Please post all entries in this thread.

Prizes will be awarded to the top three at year's end. Additionally, one random prize (supplied by AKFF) will be drawn from all entrants each month.

Full entry details, dates for each month, and competition rules (including scoring benchmarks) can be found here:
http://www.akff.net/forum/viewtopic.php?f=24&t=59000

Please include the following details when entering:

Name of Angler:
Date Caught:
State and Location Fish Caught In:
Type and Size/Weight of Fish:
Tackle/Line/Lure Used (optional):
Conditions (optional):
Other Comments (optional):

Please include a photo of your catch against a ruler, brag mat, or similar. I can't score your fish without an accurate length measurement

*ALSO a reminder that this year only the top 10 monthly scores for each anger will count towards their final tally for the year.*

Any questions, please contact Squidder via PM.

Good luck all


----------



## robsea (Apr 7, 2010)

Merry Christmas Squidder.

I'd like to echo Bertros' thoughts as well, Jase. A massive thanks for organising and running this comp.

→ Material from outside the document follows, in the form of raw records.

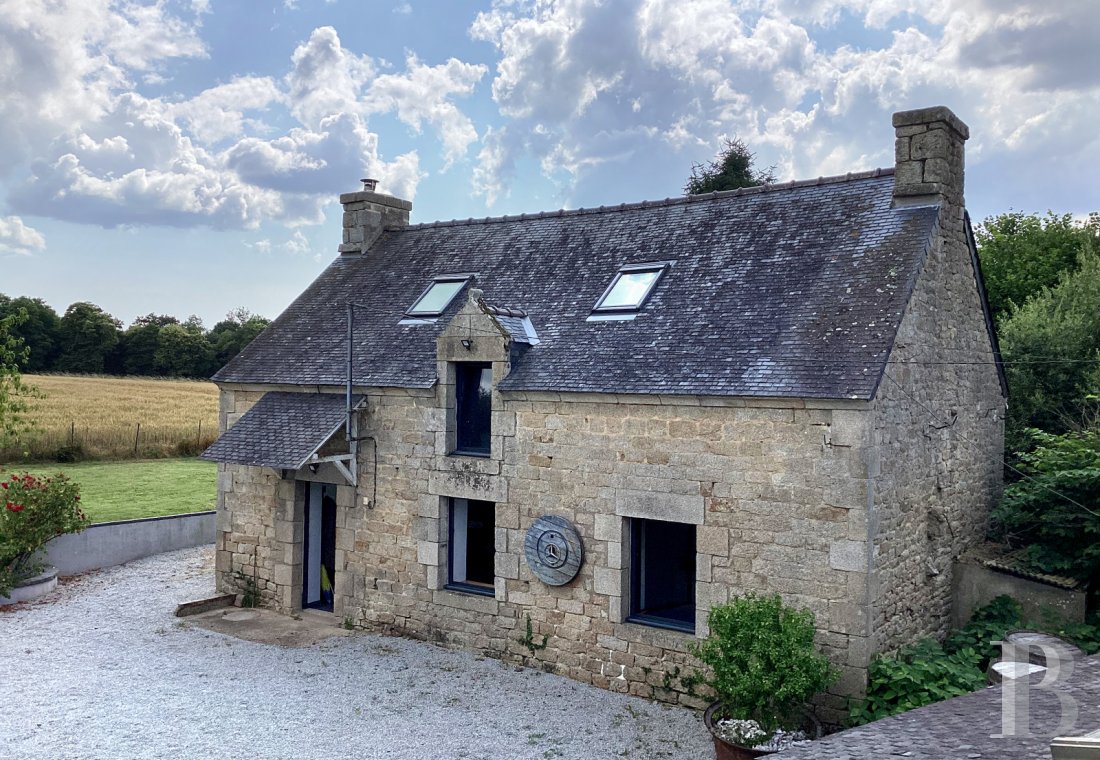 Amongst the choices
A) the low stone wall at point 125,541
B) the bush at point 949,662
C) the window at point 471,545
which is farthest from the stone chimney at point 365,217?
the bush at point 949,662

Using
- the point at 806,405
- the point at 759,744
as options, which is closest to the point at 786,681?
the point at 759,744

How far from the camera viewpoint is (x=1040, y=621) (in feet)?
35.1

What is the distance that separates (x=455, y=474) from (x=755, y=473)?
431 centimetres

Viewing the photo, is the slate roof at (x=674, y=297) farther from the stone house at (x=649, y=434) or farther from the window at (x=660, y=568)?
the window at (x=660, y=568)

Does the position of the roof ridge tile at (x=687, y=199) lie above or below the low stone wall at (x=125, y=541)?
above

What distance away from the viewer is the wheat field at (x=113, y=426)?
2678 centimetres

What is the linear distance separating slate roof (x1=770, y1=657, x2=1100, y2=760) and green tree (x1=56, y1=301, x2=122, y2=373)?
64218 millimetres

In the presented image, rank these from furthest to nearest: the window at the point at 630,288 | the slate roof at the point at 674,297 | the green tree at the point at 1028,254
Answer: the green tree at the point at 1028,254 < the window at the point at 630,288 < the slate roof at the point at 674,297

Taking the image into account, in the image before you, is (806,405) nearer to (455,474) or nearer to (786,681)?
(786,681)

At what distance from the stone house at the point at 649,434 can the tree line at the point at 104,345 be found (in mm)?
54077

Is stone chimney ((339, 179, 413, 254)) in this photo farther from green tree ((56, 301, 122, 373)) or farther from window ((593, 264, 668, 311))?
green tree ((56, 301, 122, 373))

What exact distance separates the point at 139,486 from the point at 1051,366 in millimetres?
22179

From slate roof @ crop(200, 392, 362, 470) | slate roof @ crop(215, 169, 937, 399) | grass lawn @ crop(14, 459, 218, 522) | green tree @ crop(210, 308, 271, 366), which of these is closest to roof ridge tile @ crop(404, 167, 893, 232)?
slate roof @ crop(215, 169, 937, 399)

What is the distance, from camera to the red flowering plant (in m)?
14.3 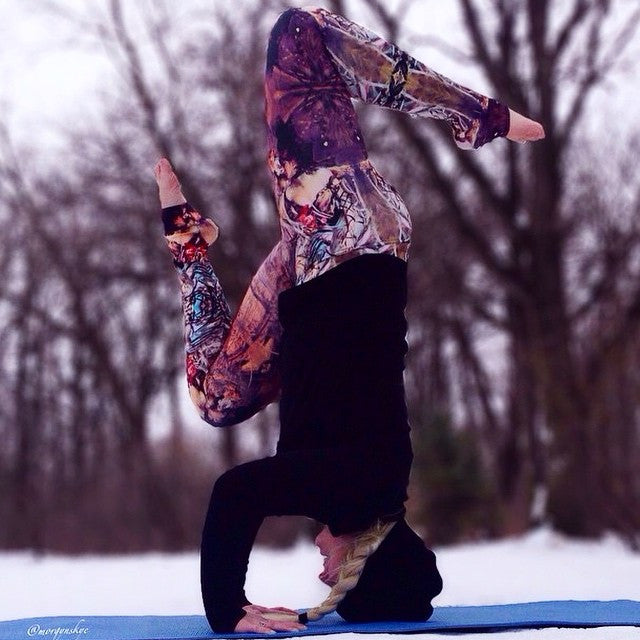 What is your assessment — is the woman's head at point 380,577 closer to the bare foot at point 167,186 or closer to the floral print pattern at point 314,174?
the floral print pattern at point 314,174

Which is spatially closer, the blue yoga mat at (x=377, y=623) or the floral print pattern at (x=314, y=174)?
the blue yoga mat at (x=377, y=623)

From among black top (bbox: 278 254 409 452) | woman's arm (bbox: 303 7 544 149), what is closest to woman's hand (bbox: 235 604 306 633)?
black top (bbox: 278 254 409 452)

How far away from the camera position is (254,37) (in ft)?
43.0

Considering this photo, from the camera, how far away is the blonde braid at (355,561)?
2492 mm

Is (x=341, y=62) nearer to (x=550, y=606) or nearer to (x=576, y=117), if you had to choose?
(x=550, y=606)

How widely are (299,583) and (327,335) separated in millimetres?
2773

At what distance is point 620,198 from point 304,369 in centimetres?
1087

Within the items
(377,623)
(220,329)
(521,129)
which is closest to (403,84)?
(521,129)

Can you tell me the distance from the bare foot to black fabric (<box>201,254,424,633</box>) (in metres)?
0.40

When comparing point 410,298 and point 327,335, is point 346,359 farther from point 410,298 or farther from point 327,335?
point 410,298

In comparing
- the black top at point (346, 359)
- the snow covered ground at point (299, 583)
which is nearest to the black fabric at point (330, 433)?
the black top at point (346, 359)

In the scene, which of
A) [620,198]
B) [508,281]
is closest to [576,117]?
[508,281]

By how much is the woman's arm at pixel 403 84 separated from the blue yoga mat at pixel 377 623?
3.56 ft

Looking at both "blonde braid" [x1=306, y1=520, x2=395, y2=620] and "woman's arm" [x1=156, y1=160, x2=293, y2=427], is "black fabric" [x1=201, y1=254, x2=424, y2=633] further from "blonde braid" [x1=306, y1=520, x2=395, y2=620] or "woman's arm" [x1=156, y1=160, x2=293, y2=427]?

It's been fun and at times a challenge to get on the water, let alone get a photo of a fish.

Name of Angler:robsea
Date Caught: Sunday 8 December 2013
State and Location Fish Caught In: NSW, a few stone's throws from Schloss von Gee.
Type and Size/Weight of Fish: Whiting 35 cm
Tackle/Line/Lure Used (optional): 3 lb flurocarbon, Shimano Ci4 1000 reel, Shimano Lure project 1-4 kg rod at 7'
Conditions (optional): windy 10+ knots and incoming tide is estuary
Other Comments (optional): A definite plan B as swell outside looked to be too much of a challenge.


----------



## carnster (May 27, 2008)

Name of Angler: Carnster
Date Caught: 13/12/13
State and Location Fish Caught In: Qld
Type and Size/Weight of Fish: Tailor 43cm
Tackle/Line/Lure Used (optional): 30lb live yakka
Conditions (optional): glassy
Other Comments (optional): A boat quoted 17 deg on his sounder, talk about cold brrr.


----------



## cheaterparts (Jul 3, 2010)

Squidder thanks for doing a great job running the comp another year ,I fished both W/Es for the Dec comp and caught fish but had nothing to improve my score

Merry Christmas


----------



## killer (Dec 22, 2010)

I'ts another tail of woe for me. 
Couldn't catch a scale this week  .

Cheers 
Killer.


----------



## GlenelgKiller (Mar 13, 2012)

Name of Angler: GlenelgKiller
Date Caught: 14/12/13
State and Location Fish Caught In: Glenelg SA
Type and Size/Weight of Fish: Snook 75cm
Tackle/Line/Lure Used (optional): 10lb line, Z-Man Grub
Conditions (optional): Light chop, increasing winds, outrunning tide
Other Comments (optional): First ever fish on a plastic!


----------



## solatree (May 30, 2008)

Name of Angler:Solatree
Date Caught:7/12/13
State and Location Fish Caught : SA metro Adelaide
Type and Size/Weight of Fish: Snook - 80cm
Tackle/Line/Lure Used (optional):8lb fire line, 2-4kg Shimano rod, Sedona 1500, 100mm squidgy shad


----------